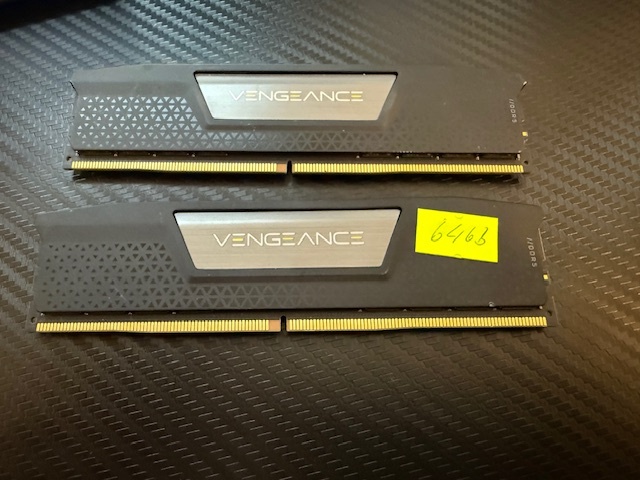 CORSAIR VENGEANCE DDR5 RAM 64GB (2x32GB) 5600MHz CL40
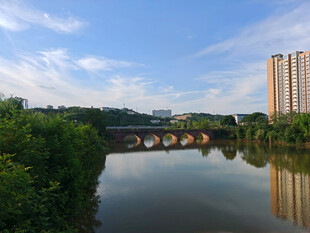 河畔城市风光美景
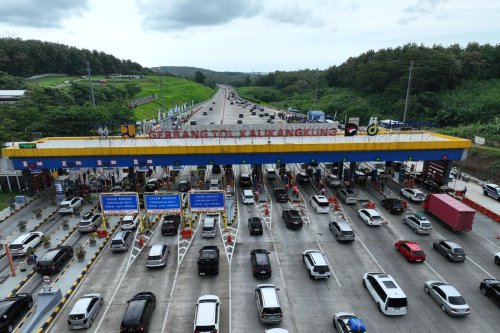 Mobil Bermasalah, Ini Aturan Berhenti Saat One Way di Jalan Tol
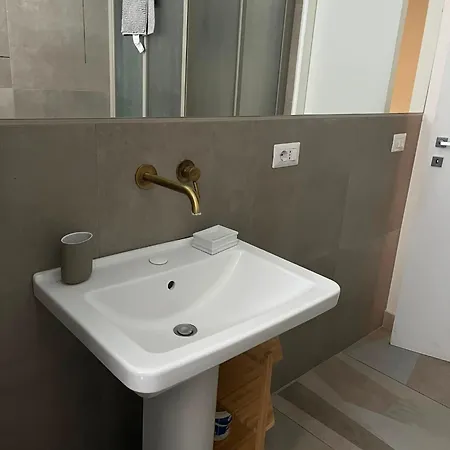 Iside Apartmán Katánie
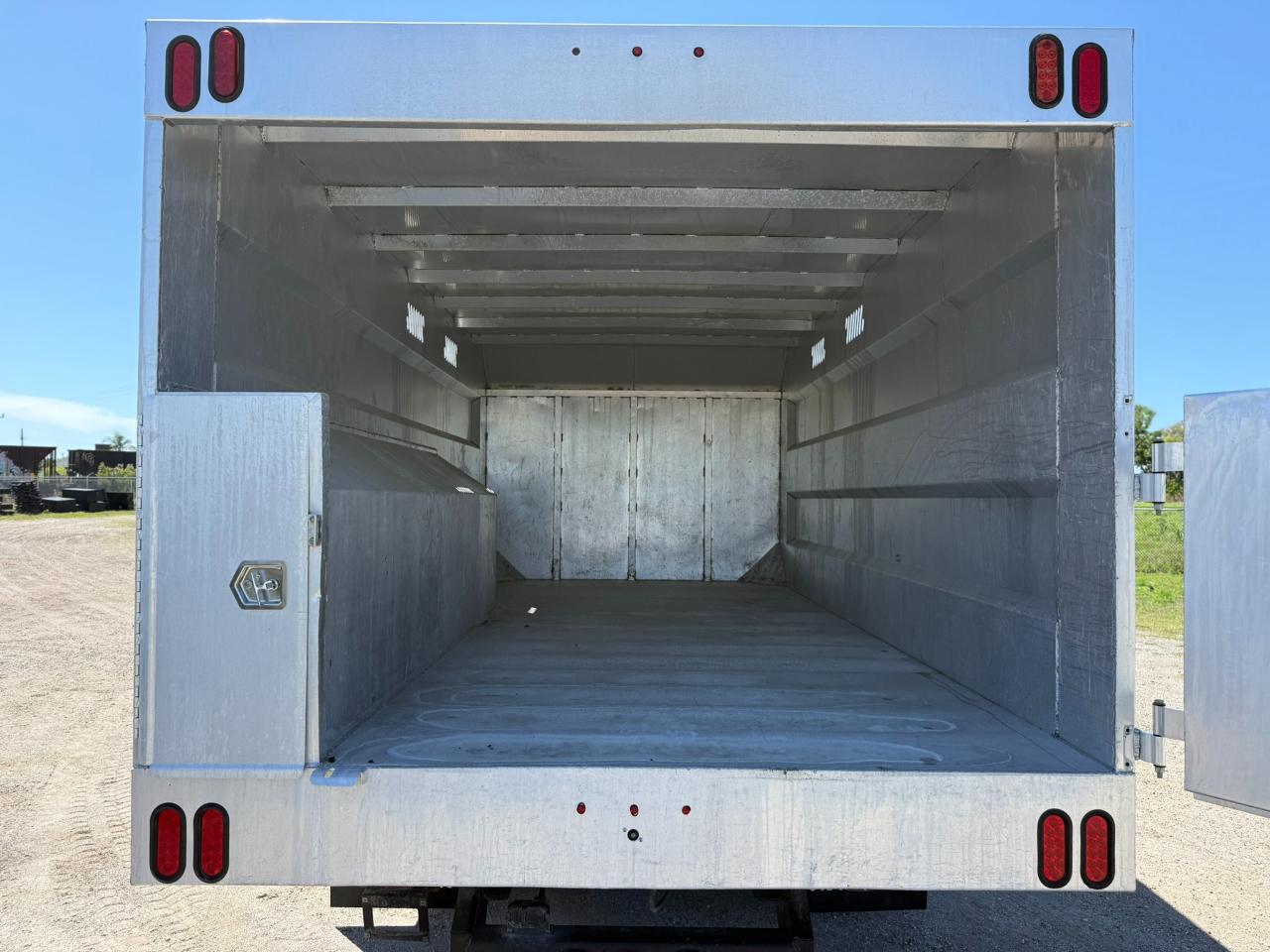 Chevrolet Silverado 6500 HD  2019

════════════════

### Exercise goal
Now write out the data word for word, skipping every picture in it.

### Written response
 CORSAIR VENGEANCE DDR5 RAM 64GB (2x32GB) 5600MHz CL40
 河畔城市风光美景
 Mobil Bermasalah, Ini Aturan Berhenti Saat One Way di Jalan Tol
 Iside Apartmán Katánie
 Chevrolet Silverado 6500 HD  2019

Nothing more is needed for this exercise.